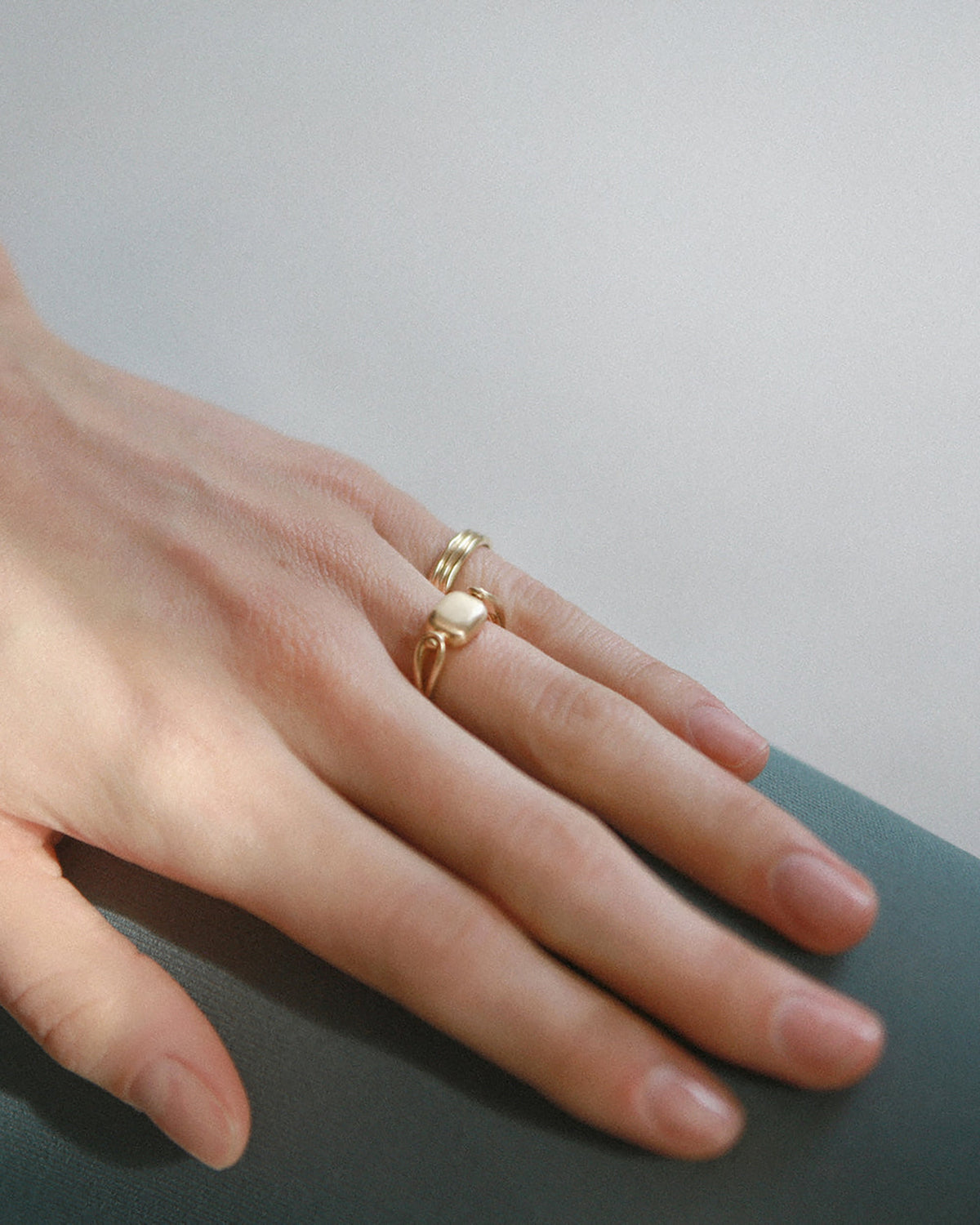 [lifestyle]Emerald Cut Diamond Tempo Ring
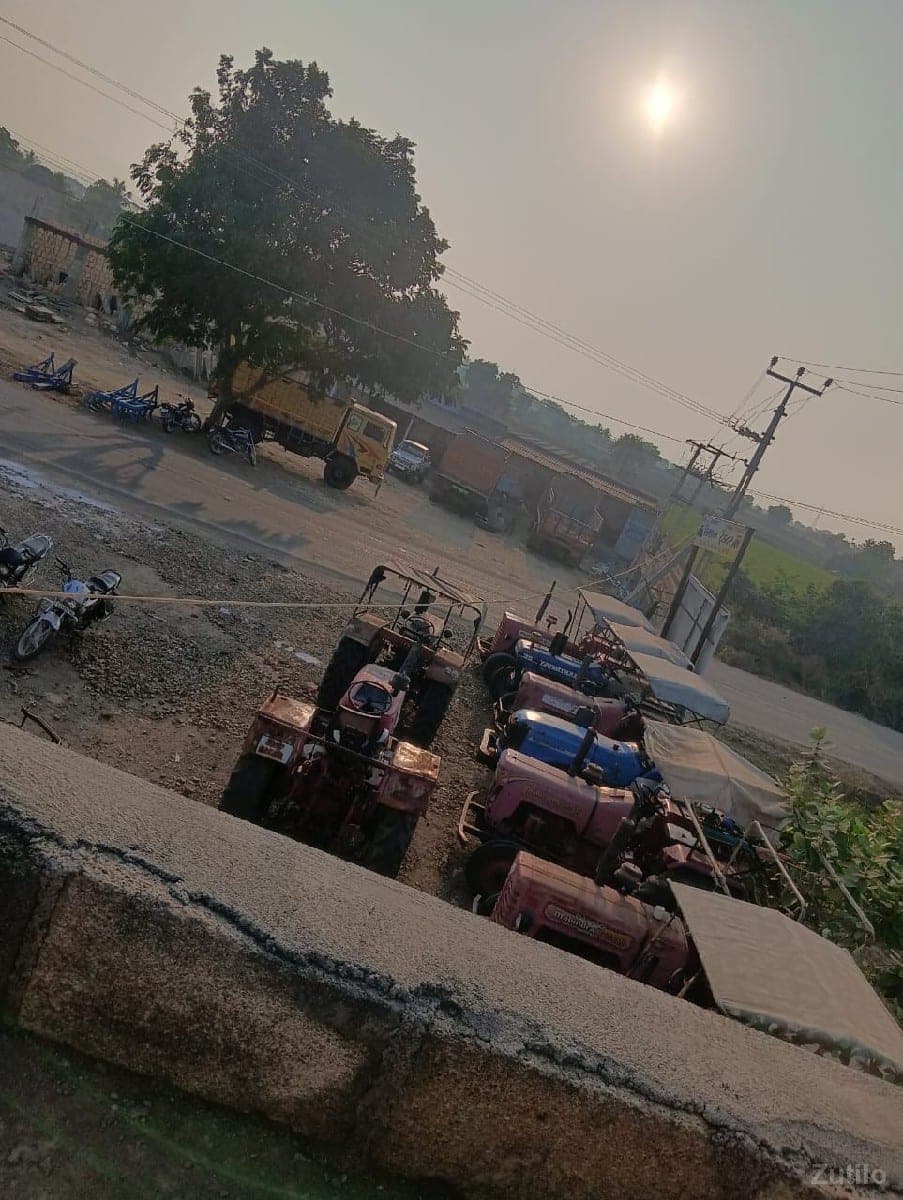 તેક્તર વેચવાના છે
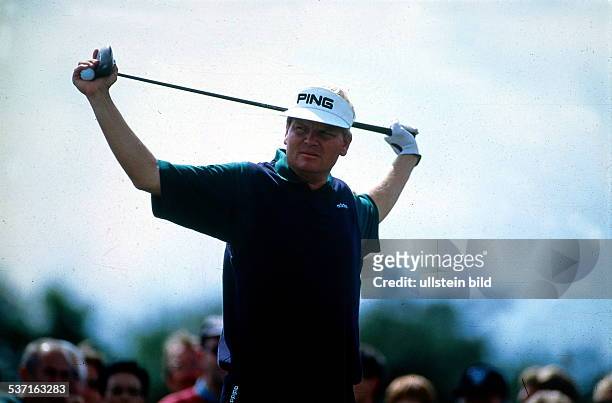 Sportler, Golf D, hält seinen Golfschläger hoch, - Oktober 1996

________________________

- Exercise: Return every line of the listing exactly, leaving its pictures behind.

- The completed task:
 [lifestyle]Emerald Cut Diamond Tempo Ring
 તેક્તર વેચવાના છે
 Sportler, Golf D, hält seinen Golfschläger hoch, - Oktober 1996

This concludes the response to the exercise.